O Modus Operandi do Esquema
A ofensiva policial ocorreu simultaneamente nos dois principais polos de aplicação dos exames no estado:
- Em Mossoró: Os investigadores prenderam 10 pessoas em flagrante dentro das salas de aula. Os candidatos foram flagrados portando microfones e pontos eletrônicos ocultos, utilizados para receber as respostas das questões de forma externa.
- Em Natal: Outras duas pessoas foram identificadas e presas pelo mesmo crime.

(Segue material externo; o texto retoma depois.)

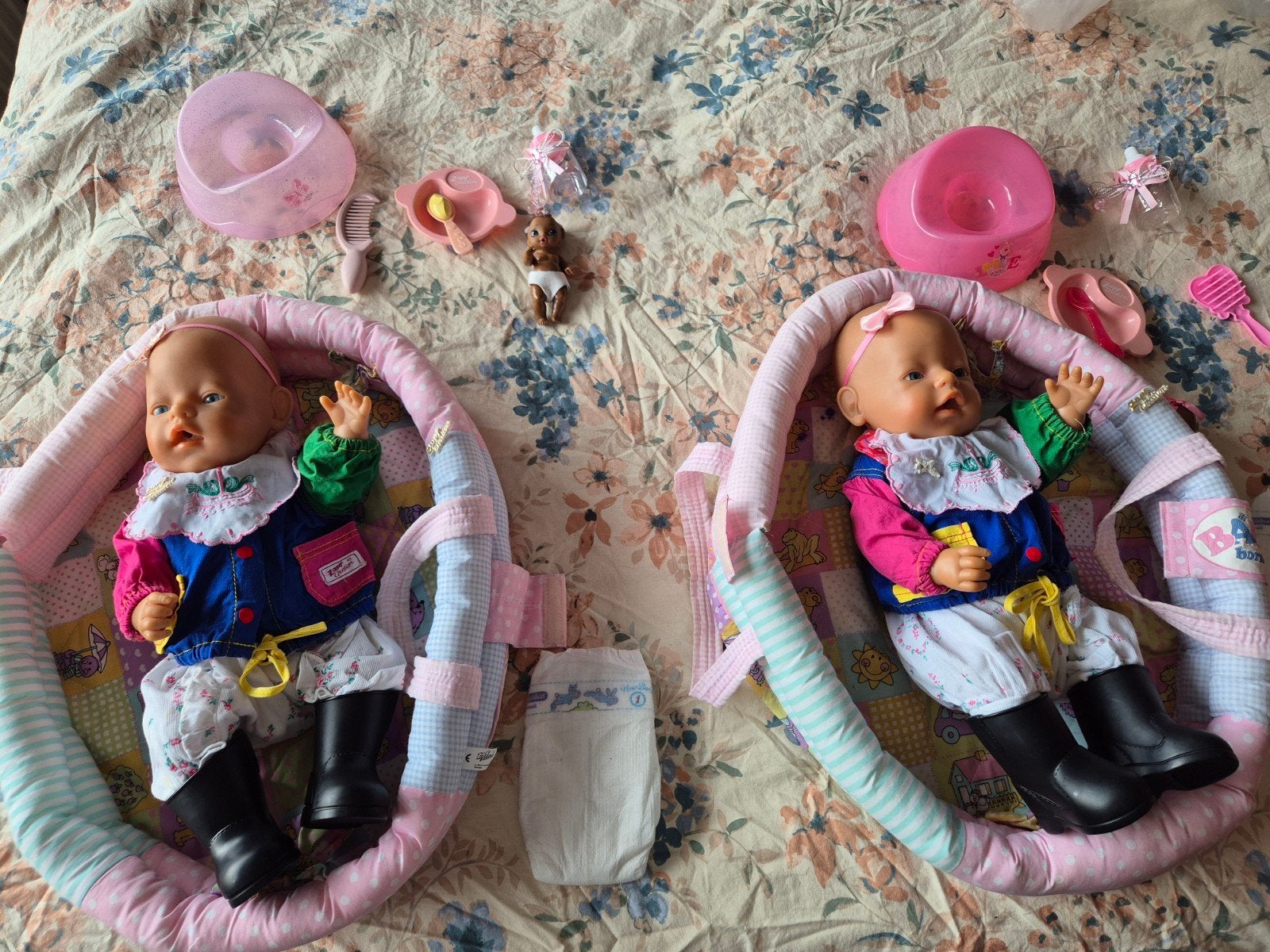 Tweeling Baby Born poppen met accessoires en draagmand, Kinderen en Baby's, Speelgoed | Poppen, Verzenden, Gebruikt, Babypop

As investigações preliminares apontam que o grupo contava com o suporte de uma estrutura externa. Especialistas ficavam fora dos locais de prova resolvendo os cadernos de questões e transmitindo os gabaritos em tempo real aos candidatos pagantes por meio das frequências de rádio dos dispositivos eletrônicos. A força-tarefa contou com o suporte logístico e de inteligência da Secretaria de Administração Penitenciária (SEAP) e da Secretaria de Administração (SEAD).
Enquadramento Penal e Próximos Passos
Os 12 suspeitos detidos foram conduzidos à delegacia para a lavratura do flagrante. Eles responderão criminalmente com base no artigo 311-A do Código Penal, que tipifica o crime de fraude em certames de interesse público. A pena prevista varia de um a quatro anos de reclusão, além de multa.
Os materiais eletrônicos foram apreendidos para perícia técnica. Até o momento, as autoridades estaduais informaram que não há decisão de anulação do concurso, e o cronograma das próximas etapas segue mantido enquanto a polícia aprofunda o caso para identificar os líderes da organização criminosa.